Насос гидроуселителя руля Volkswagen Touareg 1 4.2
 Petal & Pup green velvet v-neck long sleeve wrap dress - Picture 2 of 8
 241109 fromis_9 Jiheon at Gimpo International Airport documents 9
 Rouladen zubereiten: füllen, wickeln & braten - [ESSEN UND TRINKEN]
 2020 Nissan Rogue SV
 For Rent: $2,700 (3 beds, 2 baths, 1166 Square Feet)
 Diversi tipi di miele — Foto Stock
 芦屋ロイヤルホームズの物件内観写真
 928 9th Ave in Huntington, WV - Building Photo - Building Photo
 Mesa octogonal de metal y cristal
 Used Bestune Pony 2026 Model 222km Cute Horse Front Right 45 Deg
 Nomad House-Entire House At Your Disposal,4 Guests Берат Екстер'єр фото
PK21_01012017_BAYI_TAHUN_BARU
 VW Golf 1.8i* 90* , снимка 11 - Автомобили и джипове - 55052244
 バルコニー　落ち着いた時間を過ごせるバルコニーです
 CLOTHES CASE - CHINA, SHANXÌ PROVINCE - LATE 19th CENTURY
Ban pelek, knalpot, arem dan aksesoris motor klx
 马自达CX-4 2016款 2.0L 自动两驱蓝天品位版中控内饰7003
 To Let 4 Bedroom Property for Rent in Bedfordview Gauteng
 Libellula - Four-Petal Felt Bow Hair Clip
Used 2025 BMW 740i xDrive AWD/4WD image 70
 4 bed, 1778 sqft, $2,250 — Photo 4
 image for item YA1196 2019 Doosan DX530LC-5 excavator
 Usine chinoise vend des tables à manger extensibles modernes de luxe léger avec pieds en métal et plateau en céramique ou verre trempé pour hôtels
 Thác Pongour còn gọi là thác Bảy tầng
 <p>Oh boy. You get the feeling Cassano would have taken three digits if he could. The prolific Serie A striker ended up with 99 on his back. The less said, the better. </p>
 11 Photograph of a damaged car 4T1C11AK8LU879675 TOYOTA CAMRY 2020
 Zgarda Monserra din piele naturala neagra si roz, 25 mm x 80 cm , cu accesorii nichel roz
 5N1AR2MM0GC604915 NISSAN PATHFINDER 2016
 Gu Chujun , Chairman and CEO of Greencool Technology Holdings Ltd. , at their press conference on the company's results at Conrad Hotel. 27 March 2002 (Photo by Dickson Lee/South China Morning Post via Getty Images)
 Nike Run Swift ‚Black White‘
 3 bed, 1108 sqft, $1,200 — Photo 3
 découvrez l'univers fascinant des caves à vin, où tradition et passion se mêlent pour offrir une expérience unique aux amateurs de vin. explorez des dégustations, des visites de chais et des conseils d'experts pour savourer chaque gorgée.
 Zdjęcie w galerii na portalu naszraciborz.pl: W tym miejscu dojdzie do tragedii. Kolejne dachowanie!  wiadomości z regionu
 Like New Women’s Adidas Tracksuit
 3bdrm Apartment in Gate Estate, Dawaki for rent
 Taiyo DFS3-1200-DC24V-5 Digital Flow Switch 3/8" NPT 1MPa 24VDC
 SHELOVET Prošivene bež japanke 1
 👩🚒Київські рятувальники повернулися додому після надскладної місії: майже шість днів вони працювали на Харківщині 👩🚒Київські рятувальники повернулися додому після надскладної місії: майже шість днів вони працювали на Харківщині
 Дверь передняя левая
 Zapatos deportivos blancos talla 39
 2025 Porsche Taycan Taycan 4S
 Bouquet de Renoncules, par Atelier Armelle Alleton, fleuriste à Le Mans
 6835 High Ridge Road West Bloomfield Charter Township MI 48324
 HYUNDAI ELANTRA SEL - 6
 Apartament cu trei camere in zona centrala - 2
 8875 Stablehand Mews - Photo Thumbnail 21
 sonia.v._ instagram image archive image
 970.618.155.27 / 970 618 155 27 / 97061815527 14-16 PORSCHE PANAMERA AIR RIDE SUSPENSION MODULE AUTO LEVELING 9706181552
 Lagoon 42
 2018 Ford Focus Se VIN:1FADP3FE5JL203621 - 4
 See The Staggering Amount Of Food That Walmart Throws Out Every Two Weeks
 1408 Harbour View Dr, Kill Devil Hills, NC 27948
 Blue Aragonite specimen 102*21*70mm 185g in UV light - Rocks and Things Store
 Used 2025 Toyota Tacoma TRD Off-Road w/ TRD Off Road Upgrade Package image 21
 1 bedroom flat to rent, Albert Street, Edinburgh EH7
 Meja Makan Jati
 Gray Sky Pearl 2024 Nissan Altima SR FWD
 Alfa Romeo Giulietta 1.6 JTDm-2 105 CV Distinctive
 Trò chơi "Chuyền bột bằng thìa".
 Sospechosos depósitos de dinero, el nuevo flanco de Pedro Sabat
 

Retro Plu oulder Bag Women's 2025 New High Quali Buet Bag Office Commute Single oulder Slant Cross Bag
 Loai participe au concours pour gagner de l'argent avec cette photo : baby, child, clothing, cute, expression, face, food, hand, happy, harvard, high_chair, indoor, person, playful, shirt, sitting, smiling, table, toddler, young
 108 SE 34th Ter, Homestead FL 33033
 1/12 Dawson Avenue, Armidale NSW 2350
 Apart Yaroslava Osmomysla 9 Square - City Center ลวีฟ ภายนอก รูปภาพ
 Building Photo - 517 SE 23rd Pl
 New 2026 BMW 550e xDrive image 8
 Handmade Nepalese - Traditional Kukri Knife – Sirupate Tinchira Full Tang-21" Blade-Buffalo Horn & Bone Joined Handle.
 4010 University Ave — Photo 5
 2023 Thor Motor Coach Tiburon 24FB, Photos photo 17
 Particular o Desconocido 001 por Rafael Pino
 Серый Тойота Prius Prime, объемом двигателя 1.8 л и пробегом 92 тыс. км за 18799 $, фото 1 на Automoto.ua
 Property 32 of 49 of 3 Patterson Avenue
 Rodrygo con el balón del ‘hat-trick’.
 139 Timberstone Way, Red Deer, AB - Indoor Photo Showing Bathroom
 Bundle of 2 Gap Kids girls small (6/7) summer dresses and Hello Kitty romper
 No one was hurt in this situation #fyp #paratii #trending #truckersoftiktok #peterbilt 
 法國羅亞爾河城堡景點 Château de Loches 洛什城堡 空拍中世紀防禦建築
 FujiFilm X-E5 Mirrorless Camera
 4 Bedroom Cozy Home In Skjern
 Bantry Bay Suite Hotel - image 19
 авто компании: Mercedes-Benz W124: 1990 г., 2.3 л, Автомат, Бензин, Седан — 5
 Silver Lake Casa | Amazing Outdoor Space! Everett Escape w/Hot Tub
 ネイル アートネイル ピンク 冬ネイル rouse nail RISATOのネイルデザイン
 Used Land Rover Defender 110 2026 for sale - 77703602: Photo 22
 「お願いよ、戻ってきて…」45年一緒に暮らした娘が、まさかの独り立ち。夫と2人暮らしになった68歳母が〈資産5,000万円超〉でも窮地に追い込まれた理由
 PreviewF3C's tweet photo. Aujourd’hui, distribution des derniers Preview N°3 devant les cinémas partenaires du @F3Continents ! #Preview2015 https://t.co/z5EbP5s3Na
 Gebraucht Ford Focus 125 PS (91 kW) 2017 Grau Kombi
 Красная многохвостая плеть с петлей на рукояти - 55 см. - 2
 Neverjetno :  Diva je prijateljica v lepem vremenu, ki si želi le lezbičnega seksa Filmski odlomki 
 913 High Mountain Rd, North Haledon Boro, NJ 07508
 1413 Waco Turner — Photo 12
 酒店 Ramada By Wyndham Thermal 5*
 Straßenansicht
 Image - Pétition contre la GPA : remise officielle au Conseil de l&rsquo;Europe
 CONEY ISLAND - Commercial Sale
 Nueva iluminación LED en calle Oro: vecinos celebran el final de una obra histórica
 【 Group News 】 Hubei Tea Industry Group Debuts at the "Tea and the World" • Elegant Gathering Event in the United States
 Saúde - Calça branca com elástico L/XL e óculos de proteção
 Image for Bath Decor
⁂
**TASK STATEMENT**
Using only the entries above, output the line with "Blue Aragonite specimen", the line with "Loai participe au", and all lines between them, exactly as they stand.

**RESPONSE FOR THIS EXERCISE**
 Blue Aragonite specimen 102*21*70mm 185g in UV light - Rocks and Things Store
 Used 2025 Toyota Tacoma TRD Off-Road w/ TRD Off Road Upgrade Package image 21
 1 bedroom flat to rent, Albert Street, Edinburgh EH7
 Meja Makan Jati
 Gray Sky Pearl 2024 Nissan Altima SR FWD
 Alfa Romeo Giulietta 1.6 JTDm-2 105 CV Distinctive
 Trò chơi "Chuyền bột bằng thìa".
 Sospechosos depósitos de dinero, el nuevo flanco de Pedro Sabat
 

Retro Plu oulder Bag Women's 2025 New High Quali Buet Bag Office Commute Single oulder Slant Cross Bag
 Loai participe au concours pour gagner de l'argent avec cette photo : baby, child, clothing, cute, expression, face, food, hand, happy, harvard, high_chair, indoor, person, playful, shirt, sitting, smiling, table, toddler, young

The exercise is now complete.